An identical copy of the records below is the expected result.

== Segment start ==

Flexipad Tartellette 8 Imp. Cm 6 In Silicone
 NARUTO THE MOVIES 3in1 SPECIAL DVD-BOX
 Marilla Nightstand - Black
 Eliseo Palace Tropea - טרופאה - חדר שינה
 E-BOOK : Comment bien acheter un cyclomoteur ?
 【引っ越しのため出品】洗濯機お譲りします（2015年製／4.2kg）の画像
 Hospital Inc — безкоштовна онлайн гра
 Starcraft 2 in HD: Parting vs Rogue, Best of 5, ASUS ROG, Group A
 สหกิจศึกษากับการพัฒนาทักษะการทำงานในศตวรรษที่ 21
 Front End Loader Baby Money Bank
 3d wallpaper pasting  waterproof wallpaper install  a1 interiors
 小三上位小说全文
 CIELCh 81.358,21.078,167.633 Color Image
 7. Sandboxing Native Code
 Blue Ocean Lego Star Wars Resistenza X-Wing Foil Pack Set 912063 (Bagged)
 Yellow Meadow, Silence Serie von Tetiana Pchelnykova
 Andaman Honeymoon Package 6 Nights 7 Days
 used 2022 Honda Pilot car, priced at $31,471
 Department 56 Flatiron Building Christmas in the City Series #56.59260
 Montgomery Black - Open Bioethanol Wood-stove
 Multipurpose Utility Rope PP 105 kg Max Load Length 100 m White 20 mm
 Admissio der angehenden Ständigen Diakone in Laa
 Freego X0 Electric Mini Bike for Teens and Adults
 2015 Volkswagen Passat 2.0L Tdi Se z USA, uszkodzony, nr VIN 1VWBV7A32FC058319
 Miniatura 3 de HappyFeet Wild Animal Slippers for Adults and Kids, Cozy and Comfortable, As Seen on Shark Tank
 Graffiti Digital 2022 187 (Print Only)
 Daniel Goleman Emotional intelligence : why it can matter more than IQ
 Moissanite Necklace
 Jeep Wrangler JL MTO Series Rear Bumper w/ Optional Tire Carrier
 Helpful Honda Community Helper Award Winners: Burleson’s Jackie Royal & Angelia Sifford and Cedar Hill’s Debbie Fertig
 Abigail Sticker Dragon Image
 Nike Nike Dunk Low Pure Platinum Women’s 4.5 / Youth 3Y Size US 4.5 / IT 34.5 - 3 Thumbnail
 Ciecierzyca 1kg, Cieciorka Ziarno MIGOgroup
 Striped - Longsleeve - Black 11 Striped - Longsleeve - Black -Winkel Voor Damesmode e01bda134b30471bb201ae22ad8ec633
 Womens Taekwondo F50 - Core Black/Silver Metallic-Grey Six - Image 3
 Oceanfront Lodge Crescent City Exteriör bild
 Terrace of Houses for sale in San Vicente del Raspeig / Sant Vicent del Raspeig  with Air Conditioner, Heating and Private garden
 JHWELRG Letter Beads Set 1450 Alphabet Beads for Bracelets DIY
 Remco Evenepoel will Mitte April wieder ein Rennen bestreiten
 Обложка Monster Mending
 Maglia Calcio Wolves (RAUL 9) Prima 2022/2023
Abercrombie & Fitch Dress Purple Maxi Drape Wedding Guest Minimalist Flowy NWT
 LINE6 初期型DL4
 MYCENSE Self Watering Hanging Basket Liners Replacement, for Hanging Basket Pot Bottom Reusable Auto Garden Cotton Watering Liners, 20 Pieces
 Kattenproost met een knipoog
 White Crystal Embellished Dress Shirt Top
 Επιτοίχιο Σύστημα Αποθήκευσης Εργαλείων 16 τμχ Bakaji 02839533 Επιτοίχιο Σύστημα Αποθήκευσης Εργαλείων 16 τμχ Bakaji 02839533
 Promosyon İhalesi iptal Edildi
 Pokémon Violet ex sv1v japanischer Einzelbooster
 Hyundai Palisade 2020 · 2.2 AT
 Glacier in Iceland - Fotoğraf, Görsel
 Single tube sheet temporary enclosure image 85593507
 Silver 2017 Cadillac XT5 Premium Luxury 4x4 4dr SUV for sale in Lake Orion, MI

== Segment end ==

Task response:
Flexipad Tartellette 8 Imp. Cm 6 In Silicone
 NARUTO THE MOVIES 3in1 SPECIAL DVD-BOX
 Marilla Nightstand - Black
 Eliseo Palace Tropea - טרופאה - חדר שינה
 E-BOOK : Comment bien acheter un cyclomoteur ?
 【引っ越しのため出品】洗濯機お譲りします（2015年製／4.2kg）の画像
 Hospital Inc — безкоштовна онлайн гра
 Starcraft 2 in HD: Parting vs Rogue, Best of 5, ASUS ROG, Group A
 สหกิจศึกษากับการพัฒนาทักษะการทำงานในศตวรรษที่ 21
 Front End Loader Baby Money Bank
 3d wallpaper pasting  waterproof wallpaper install  a1 interiors
 小三上位小说全文
 CIELCh 81.358,21.078,167.633 Color Image
 7. Sandboxing Native Code
 Blue Ocean Lego Star Wars Resistenza X-Wing Foil Pack Set 912063 (Bagged)
 Yellow Meadow, Silence Serie von Tetiana Pchelnykova
 Andaman Honeymoon Package 6 Nights 7 Days
 used 2022 Honda Pilot car, priced at $31,471
 Department 56 Flatiron Building Christmas in the City Series #56.59260
 Montgomery Black - Open Bioethanol Wood-stove
 Multipurpose Utility Rope PP 105 kg Max Load Length 100 m White 20 mm
 Admissio der angehenden Ständigen Diakone in Laa
 Freego X0 Electric Mini Bike for Teens and Adults
 2015 Volkswagen Passat 2.0L Tdi Se z USA, uszkodzony, nr VIN 1VWBV7A32FC058319
 Miniatura 3 de HappyFeet Wild Animal Slippers for Adults and Kids, Cozy and Comfortable, As Seen on Shark Tank
 Graffiti Digital 2022 187 (Print Only)
 Daniel Goleman Emotional intelligence : why it can matter more than IQ
 Moissanite Necklace
 Jeep Wrangler JL MTO Series Rear Bumper w/ Optional Tire Carrier
 Helpful Honda Community Helper Award Winners: Burleson’s Jackie Royal & Angelia Sifford and Cedar Hill’s Debbie Fertig
 Abigail Sticker Dragon Image
 Nike Nike Dunk Low Pure Platinum Women’s 4.5 / Youth 3Y Size US 4.5 / IT 34.5 - 3 Thumbnail
 Ciecierzyca 1kg, Cieciorka Ziarno MIGOgroup
 Striped - Longsleeve - Black 11 Striped - Longsleeve - Black -Winkel Voor Damesmode e01bda134b30471bb201ae22ad8ec633
 Womens Taekwondo F50 - Core Black/Silver Metallic-Grey Six - Image 3
 Oceanfront Lodge Crescent City Exteriör bild
 Terrace of Houses for sale in San Vicente del Raspeig / Sant Vicent del Raspeig  with Air Conditioner, Heating and Private garden
 JHWELRG Letter Beads Set 1450 Alphabet Beads for Bracelets DIY
 Remco Evenepoel will Mitte April wieder ein Rennen bestreiten
 Обложка Monster Mending
 Maglia Calcio Wolves (RAUL 9) Prima 2022/2023
Abercrombie & Fitch Dress Purple Maxi Drape Wedding Guest Minimalist Flowy NWT
 LINE6 初期型DL4
 MYCENSE Self Watering Hanging Basket Liners Replacement, for Hanging Basket Pot Bottom Reusable Auto Garden Cotton Watering Liners, 20 Pieces
 Kattenproost met een knipoog
 White Crystal Embellished Dress Shirt Top
 Επιτοίχιο Σύστημα Αποθήκευσης Εργαλείων 16 τμχ Bakaji 02839533 Επιτοίχιο Σύστημα Αποθήκευσης Εργαλείων 16 τμχ Bakaji 02839533
 Promosyon İhalesi iptal Edildi
 Pokémon Violet ex sv1v japanischer Einzelbooster
 Hyundai Palisade 2020 · 2.2 AT
 Glacier in Iceland - Fotoğraf, Görsel
 Single tube sheet temporary enclosure image 85593507
 Silver 2017 Cadillac XT5 Premium Luxury 4x4 4dr SUV for sale in Lake Orion, MI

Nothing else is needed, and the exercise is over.